Oír al presidente Correa, tras las elecciones del domingo, puede ser un ejercicio desalentador. Todo eso empieza por el lenguaje que, por aquello del complejo de Adán, es una de las prioridades de este Gobierno: la derrota solo fue un sacudón. Perder Quito, Cuenca y otro reguero de capitales de provincia y grandes ciudades no es grave: su movimiento sigue siendo el mayor del país. Si se le recuerdan sus frases, según las cuales la sola idea de perder Quito introducía un elemento desestabilizador para su revolución, eso es ahora menospreciar al resto del país...
Se entiende que Alianza País no quiera hacer su duelo en público. Sin embargo, así como resultó pasmoso no oírles reflexionar cuando todo arrasaban, hoy es inquietante escuchar cómo maquillan la derrota. Y, sobre todo, cómo el oficialismo evita llamar las cosas por su nombre.

Los dirigentes que se expresaron ayer recogieron las explicaciones que dio el presidente el domingo. Esa noche no ensayó un análisis. Lo que hizo podría asimilarse más a palmadas de aliento dadas en la espalda de sus seguidores que a lecciones procesadas por un estratega.
En ese detalle se ve que el aparato correísta no reacciona. Se acostumbró al reflejo condicionado de oír al jefe y repetirlo con infinito amor. Ayer se dijo que en 15 días habrá un taller para evaluar el tsunami electoral del domingo.
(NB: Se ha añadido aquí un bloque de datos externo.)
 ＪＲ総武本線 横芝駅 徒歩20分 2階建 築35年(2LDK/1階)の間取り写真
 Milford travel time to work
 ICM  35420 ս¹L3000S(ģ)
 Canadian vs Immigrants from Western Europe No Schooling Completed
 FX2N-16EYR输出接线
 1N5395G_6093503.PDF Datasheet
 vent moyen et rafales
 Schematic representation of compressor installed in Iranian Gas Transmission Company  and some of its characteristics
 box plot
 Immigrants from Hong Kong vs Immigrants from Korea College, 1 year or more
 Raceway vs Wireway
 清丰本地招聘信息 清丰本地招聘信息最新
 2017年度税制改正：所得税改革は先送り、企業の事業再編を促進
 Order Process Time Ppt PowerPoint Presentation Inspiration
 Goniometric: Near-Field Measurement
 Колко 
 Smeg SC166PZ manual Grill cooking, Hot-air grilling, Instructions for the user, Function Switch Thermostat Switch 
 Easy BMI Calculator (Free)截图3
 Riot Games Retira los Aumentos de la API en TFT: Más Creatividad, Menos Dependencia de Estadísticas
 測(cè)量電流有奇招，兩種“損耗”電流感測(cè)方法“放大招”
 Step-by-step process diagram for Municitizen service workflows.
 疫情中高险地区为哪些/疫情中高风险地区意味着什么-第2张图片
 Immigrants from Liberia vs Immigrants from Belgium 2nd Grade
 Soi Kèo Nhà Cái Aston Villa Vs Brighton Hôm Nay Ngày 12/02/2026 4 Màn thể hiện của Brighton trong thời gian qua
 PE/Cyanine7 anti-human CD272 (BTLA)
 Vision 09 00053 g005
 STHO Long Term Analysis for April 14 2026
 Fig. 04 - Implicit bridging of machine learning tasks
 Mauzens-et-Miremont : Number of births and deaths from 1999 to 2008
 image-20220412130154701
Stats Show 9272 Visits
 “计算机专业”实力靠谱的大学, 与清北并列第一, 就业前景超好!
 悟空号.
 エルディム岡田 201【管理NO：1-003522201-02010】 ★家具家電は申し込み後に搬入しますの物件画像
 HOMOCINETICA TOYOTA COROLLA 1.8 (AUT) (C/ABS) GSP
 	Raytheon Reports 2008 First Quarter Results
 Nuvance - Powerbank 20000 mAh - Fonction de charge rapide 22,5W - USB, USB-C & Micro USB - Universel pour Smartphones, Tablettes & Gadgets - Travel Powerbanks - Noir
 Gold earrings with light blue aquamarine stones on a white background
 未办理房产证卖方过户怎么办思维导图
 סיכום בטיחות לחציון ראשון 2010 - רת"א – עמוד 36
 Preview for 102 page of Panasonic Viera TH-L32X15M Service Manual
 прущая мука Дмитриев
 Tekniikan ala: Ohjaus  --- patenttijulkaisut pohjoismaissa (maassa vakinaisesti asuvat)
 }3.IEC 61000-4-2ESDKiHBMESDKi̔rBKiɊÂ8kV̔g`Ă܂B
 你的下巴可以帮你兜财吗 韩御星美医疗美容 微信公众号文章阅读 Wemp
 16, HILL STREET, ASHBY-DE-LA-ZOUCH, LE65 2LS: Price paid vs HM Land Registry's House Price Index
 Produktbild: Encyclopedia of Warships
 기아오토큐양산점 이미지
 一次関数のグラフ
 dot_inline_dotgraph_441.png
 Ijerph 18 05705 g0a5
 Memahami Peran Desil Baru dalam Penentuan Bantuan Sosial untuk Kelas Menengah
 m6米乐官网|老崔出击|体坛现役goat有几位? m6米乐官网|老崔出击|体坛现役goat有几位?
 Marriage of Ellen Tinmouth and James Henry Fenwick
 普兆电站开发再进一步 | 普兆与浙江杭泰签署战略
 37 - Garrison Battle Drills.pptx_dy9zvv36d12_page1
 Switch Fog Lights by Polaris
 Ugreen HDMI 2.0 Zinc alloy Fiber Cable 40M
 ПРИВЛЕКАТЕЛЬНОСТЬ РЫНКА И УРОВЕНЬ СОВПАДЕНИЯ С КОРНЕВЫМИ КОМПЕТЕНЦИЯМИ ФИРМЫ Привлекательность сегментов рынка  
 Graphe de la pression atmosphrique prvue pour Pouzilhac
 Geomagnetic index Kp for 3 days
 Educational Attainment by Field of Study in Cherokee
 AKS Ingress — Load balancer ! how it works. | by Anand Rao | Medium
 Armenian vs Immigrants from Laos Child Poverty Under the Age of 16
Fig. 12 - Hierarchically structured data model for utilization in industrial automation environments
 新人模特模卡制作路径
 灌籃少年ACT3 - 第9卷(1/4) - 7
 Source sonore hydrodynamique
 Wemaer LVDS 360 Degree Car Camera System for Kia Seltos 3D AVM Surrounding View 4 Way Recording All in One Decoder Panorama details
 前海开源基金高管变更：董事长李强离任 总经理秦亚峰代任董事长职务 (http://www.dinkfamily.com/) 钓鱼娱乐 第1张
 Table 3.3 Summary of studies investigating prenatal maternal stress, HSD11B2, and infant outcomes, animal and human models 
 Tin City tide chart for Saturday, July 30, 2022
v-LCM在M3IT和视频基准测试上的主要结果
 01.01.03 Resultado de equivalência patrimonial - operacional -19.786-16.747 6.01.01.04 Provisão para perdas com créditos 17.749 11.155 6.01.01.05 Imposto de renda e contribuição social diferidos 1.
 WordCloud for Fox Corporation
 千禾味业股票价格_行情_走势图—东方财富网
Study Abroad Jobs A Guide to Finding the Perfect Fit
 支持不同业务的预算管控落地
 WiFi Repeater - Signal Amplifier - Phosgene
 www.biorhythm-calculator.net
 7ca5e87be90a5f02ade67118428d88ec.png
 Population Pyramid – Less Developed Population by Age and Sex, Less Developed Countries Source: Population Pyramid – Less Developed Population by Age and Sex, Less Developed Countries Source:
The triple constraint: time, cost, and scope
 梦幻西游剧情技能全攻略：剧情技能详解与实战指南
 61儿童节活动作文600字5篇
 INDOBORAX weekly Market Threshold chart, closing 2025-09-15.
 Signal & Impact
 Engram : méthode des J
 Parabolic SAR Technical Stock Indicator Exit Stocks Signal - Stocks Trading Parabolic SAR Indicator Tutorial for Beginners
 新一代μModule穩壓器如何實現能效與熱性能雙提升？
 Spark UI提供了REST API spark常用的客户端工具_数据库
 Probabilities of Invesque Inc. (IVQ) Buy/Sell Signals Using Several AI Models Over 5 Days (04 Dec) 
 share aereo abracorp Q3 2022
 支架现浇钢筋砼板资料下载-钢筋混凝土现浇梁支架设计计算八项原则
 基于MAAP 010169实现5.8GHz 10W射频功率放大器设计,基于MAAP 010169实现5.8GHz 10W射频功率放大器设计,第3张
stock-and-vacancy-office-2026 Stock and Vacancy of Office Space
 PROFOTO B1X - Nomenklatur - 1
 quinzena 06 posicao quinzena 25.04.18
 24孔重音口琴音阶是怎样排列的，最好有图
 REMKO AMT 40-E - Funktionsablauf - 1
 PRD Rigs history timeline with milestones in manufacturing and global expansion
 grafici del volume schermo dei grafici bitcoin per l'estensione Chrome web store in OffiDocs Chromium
O se invocó la poca atención que merecieron, por parte de Augusto Barrera, por ejemplo, las obras pequeñas, porque se dedicó a promocionar las de mayor envergadura... En definitiva, el oficialismo se da 15 días para saber lo que ocurrió con el electorado en el país. También se dijo que, en ese lapso, compararán el mapa electoral que había con el que se dibujó el domingo.
Ese ejercicio puede ocultar uno de los problemas políticos fundamentales que tiene el oficialismo. Para visualizarlo, basta con devolver la película: Correa se acostumbró a ganar demoliendo enemigos reales y molinos de viento creados por él y su aparato de propaganda. El éxito se basó, ciertamente, en la atención a los más desfavorecidos y en una obra pública impresionante. Pero también en políticas perversas que consisten en lastimar personas, extender como chicle la ley, cooptar otros poderes, violentar organizaciones sociales, convertir la justicia en una suerte de Robocop desalmado, crear puestos para funcionarios que parecen disfrutar el encargo de inquisidor...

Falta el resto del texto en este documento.